The Jewish flight aid organization Bricha smuggled groups of as many as 200 people on trucks via the camp “Givat Avoda,” which translates to “Hill of Labor,” in the Austrian town of Saalfelden, to Krimml from where they had to continue by foot.

It is here that the reenactment begins, and it is an emotional, eight-hour-long hike for participants.

“You can feel yourself in there,” says Austrian Marion Mikenda, a local who participated in the guided trek with her father.

“Nobody wanted them, even after the war, so they had to flee,” says historian Rudolf Leo, who grew up in Salzburg province and who remembers his mother telling him about the 1947 Jewish exodus.
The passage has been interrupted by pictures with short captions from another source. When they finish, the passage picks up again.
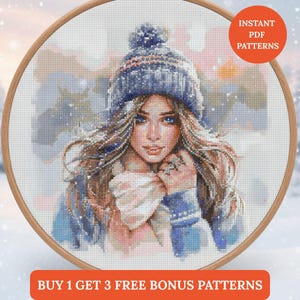 Può includere: Un modello a punto croce con una donna con cappello e cappotto invernali, ambientato in una scena innevata. Il disegno è incorniciato in un telaio da ricamo in legno. Il testo sull'immagine recita "Instant PDF Patterns" e "Buy 1 Get 3 Free Bonus Patterns".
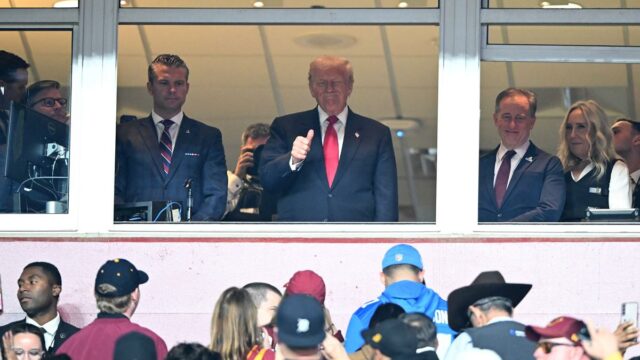 Um tributo duradouro ao amor próprio: por que os políticos batizam os estádios com seus próprios nomes
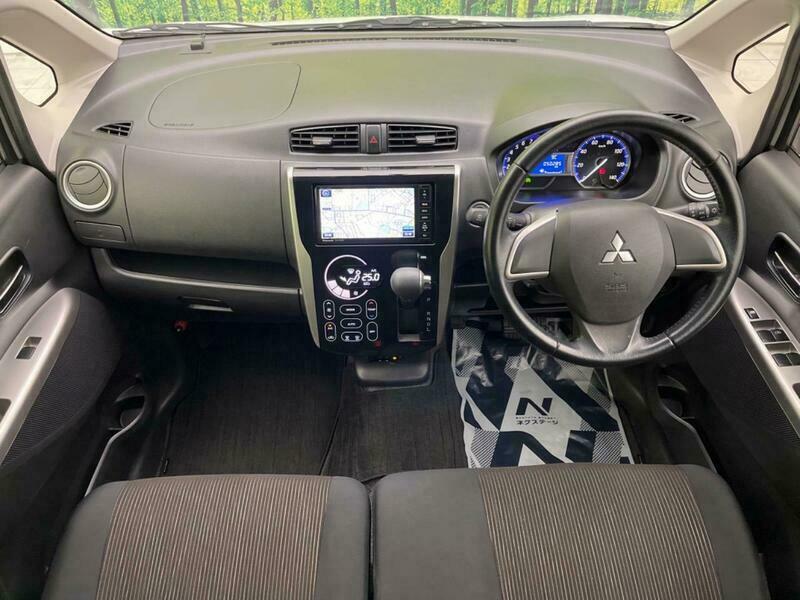 EK CUSTOM
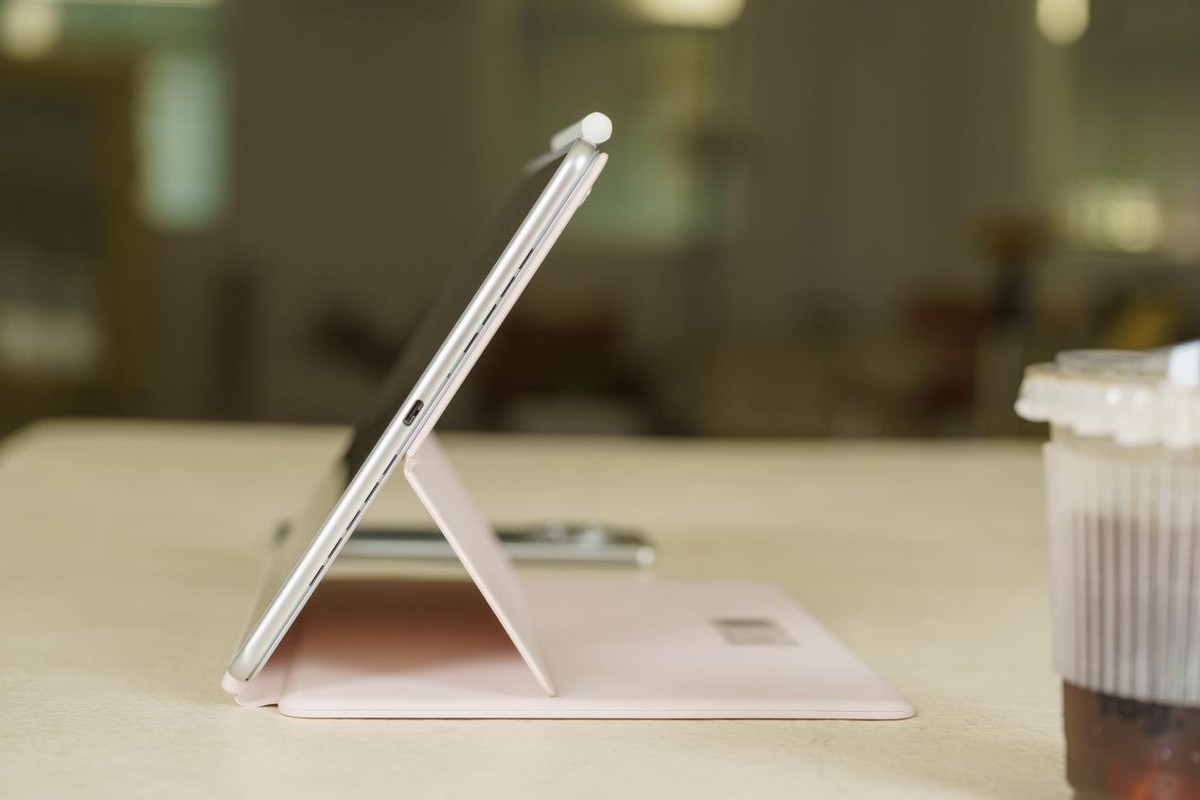 华为huaweimatebooke值得入手吗,华为matebooke和matebook13s对比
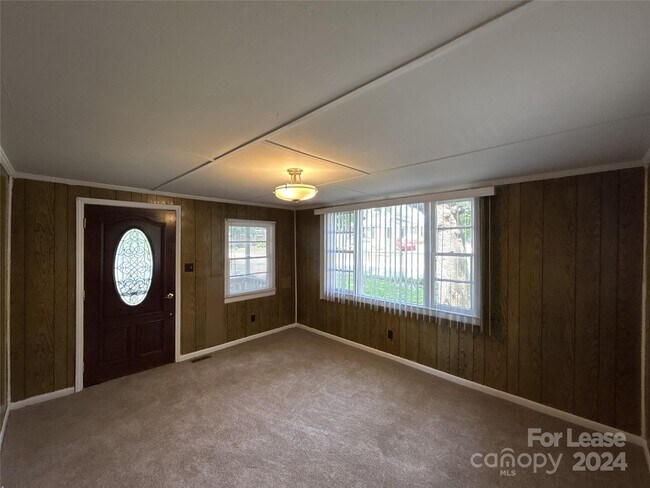 Building Photo - 3131 Seymour Dr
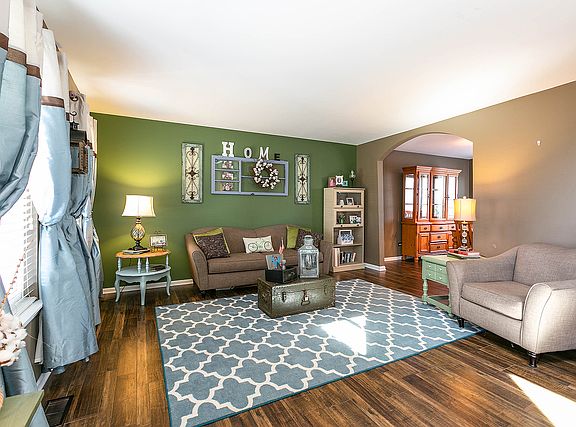 3rd image of 6901 Sahara Dr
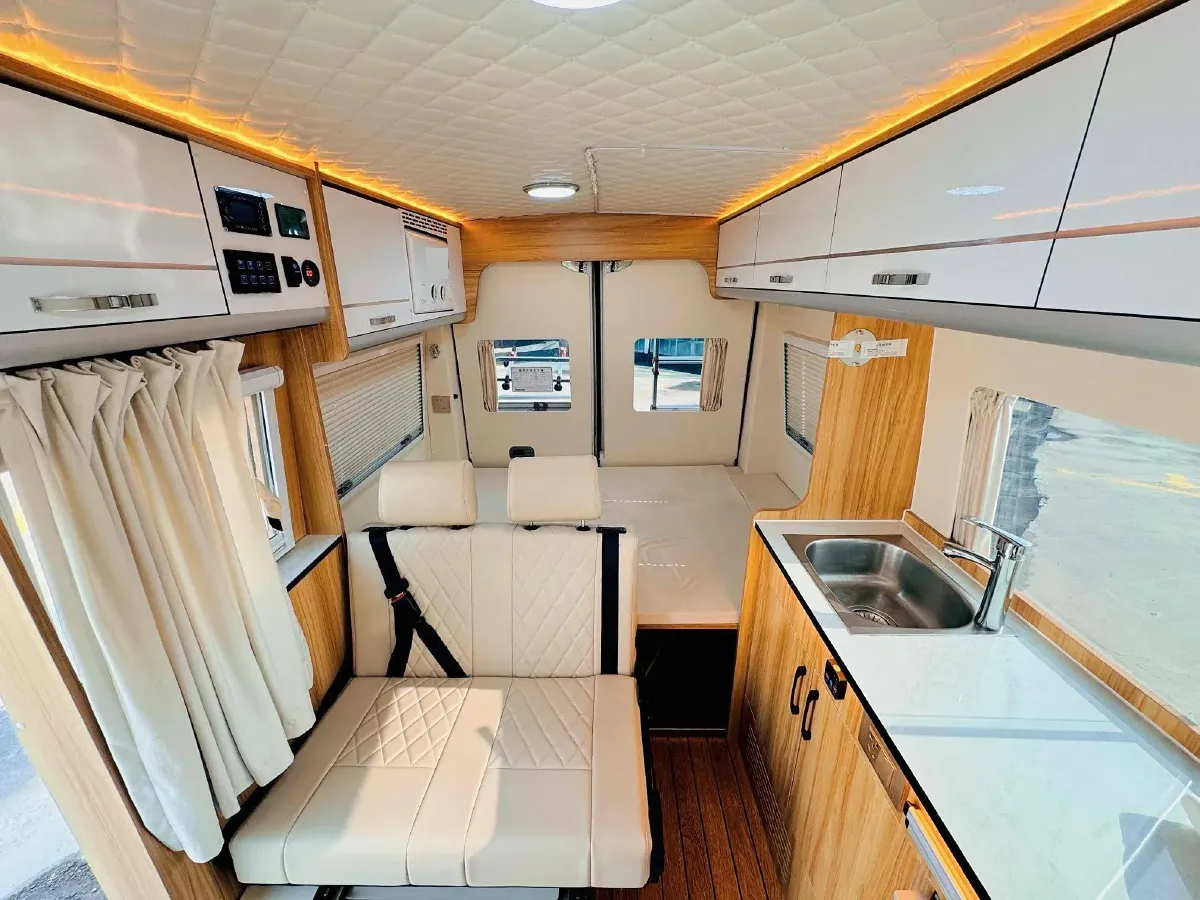 2023 Iveco DeYi 2.5T 122HP L4 6AT,autocango,china used car exporter,china ev exporter,chinese used car exporter,chinese used ev exporter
Back then, British allied forces prevented Jews from fleeing to British-controlled Palestine, making the back country mountain pass of Krimml their only escape route.

“I always thought she was wrong about the year,” Leo says of his mother’s memories. “But, no, she was completely right.”

Physical exertion helps the audience imagine what the refugees experienced, says author and director Andreas Kosek.

He set the scenes along the original path: in a dense spruce forest, a lush meadow where cows graze, and inside a hut which, at an elevation of over 1,600 meters (5,250 feet), had offered the Jewish refugees shelter and a meal.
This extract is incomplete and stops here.